Work order — Repeat the listing exactly. Do not carry over any pictures.

Supplied data —

┄┄┄┄┄┄

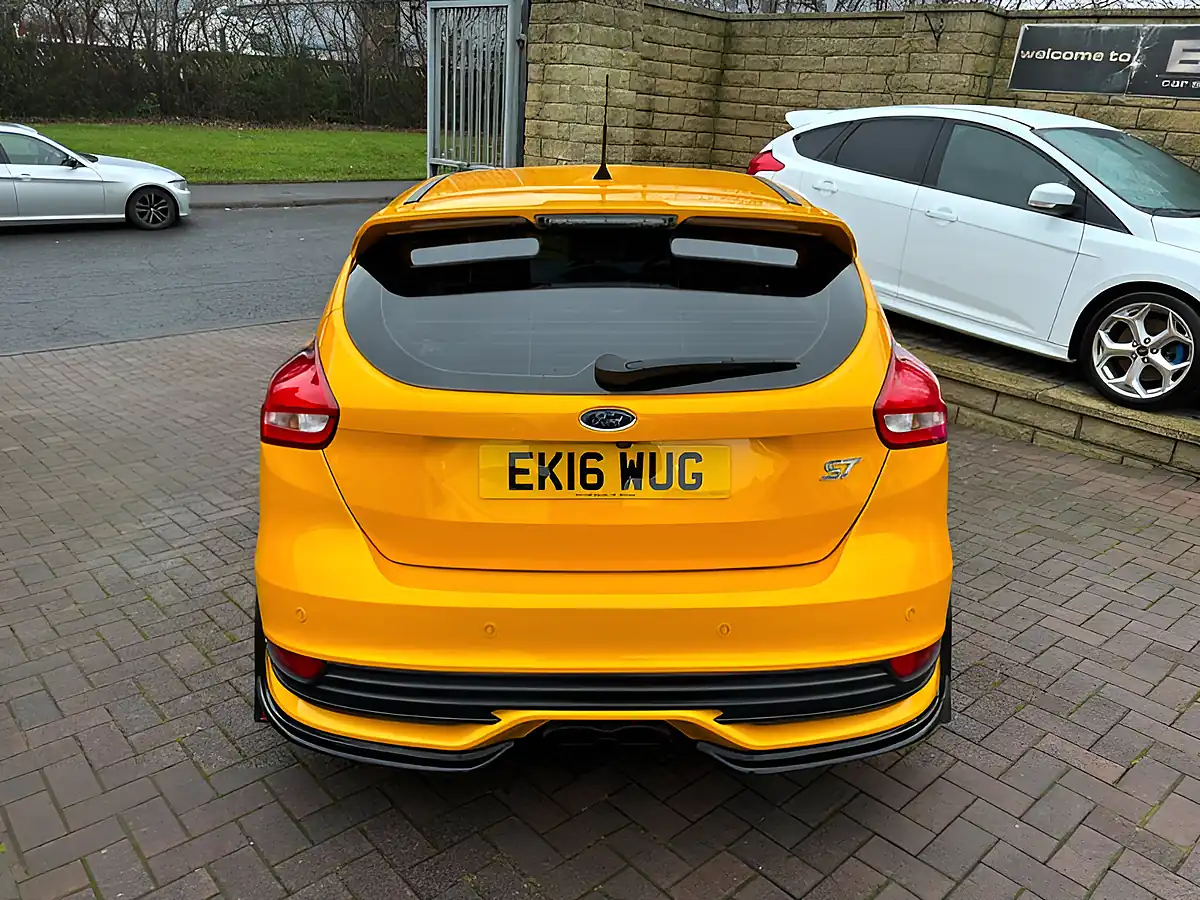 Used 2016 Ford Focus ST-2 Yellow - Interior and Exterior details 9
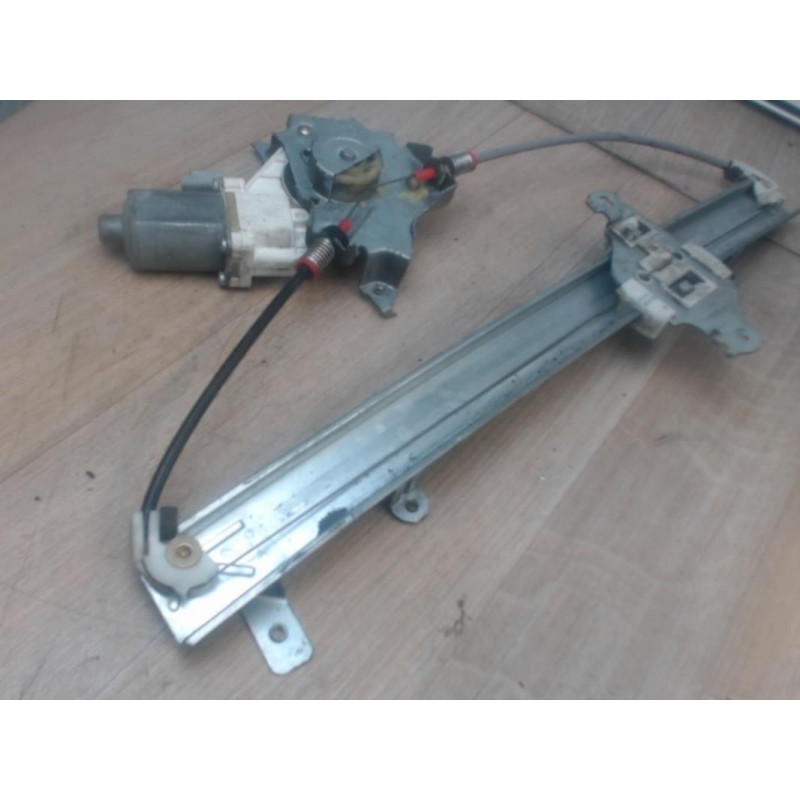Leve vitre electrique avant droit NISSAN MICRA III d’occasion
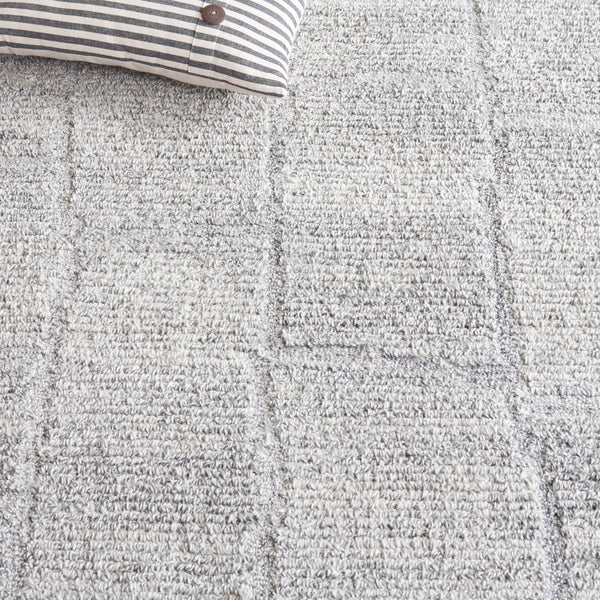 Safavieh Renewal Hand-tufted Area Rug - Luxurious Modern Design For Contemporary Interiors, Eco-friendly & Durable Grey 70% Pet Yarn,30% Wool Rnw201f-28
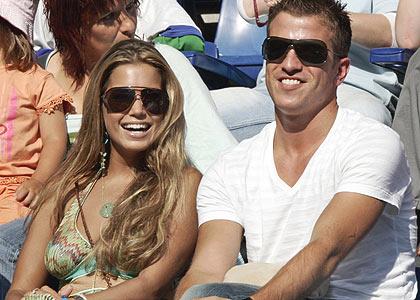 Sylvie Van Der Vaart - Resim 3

┄┄┄┄┄┄

Exercise result —
 Used 2016 Ford Focus ST-2 Yellow - Interior and Exterior details 9
Leve vitre electrique avant droit NISSAN MICRA III d’occasion
 Safavieh Renewal Hand-tufted Area Rug - Luxurious Modern Design For Contemporary Interiors, Eco-friendly & Durable Grey 70% Pet Yarn,30% Wool Rnw201f-28
 Sylvie Van Der Vaart - Resim 3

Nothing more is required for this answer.